=== Extracted entries ===

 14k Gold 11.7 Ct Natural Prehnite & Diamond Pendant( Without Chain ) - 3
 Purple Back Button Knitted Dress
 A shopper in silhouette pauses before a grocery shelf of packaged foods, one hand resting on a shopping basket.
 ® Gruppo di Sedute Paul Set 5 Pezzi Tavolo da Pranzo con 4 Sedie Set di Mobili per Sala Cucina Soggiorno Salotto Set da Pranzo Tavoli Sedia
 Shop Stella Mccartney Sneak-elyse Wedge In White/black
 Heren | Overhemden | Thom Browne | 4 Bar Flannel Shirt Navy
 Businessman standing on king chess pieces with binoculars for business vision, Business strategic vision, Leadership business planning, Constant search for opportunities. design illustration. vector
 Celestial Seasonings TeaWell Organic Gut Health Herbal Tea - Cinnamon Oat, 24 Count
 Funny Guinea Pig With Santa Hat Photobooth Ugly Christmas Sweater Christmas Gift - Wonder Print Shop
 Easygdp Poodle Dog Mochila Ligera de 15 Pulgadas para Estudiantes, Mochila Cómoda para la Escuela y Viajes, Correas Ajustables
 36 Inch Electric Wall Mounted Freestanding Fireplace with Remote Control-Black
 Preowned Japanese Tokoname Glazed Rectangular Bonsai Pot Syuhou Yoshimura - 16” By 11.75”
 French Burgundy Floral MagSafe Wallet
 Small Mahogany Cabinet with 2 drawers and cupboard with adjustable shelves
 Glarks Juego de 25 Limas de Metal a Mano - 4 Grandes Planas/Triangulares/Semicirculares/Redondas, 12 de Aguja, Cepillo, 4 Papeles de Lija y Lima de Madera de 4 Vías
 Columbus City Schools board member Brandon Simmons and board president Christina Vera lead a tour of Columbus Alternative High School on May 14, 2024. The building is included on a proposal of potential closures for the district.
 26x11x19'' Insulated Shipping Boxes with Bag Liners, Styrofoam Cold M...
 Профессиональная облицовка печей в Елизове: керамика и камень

===

When you reach the line containing "Funny Guinea Pig" in the data above, start copying exactly, and stop after the line containing "Glarks Juego de".

● Exercise response:
 Funny Guinea Pig With Santa Hat Photobooth Ugly Christmas Sweater Christmas Gift - Wonder Print Shop
 Easygdp Poodle Dog Mochila Ligera de 15 Pulgadas para Estudiantes, Mochila Cómoda para la Escuela y Viajes, Correas Ajustables
 36 Inch Electric Wall Mounted Freestanding Fireplace with Remote Control-Black
 Preowned Japanese Tokoname Glazed Rectangular Bonsai Pot Syuhou Yoshimura - 16” By 11.75”
 French Burgundy Floral MagSafe Wallet
 Small Mahogany Cabinet with 2 drawers and cupboard with adjustable shelves
 Glarks Juego de 25 Limas de Metal a Mano - 4 Grandes Planas/Triangulares/Semicirculares/Redondas, 12 de Aguja, Cepillo, 4 Papeles de Lija y Lima de Madera de 4 Vías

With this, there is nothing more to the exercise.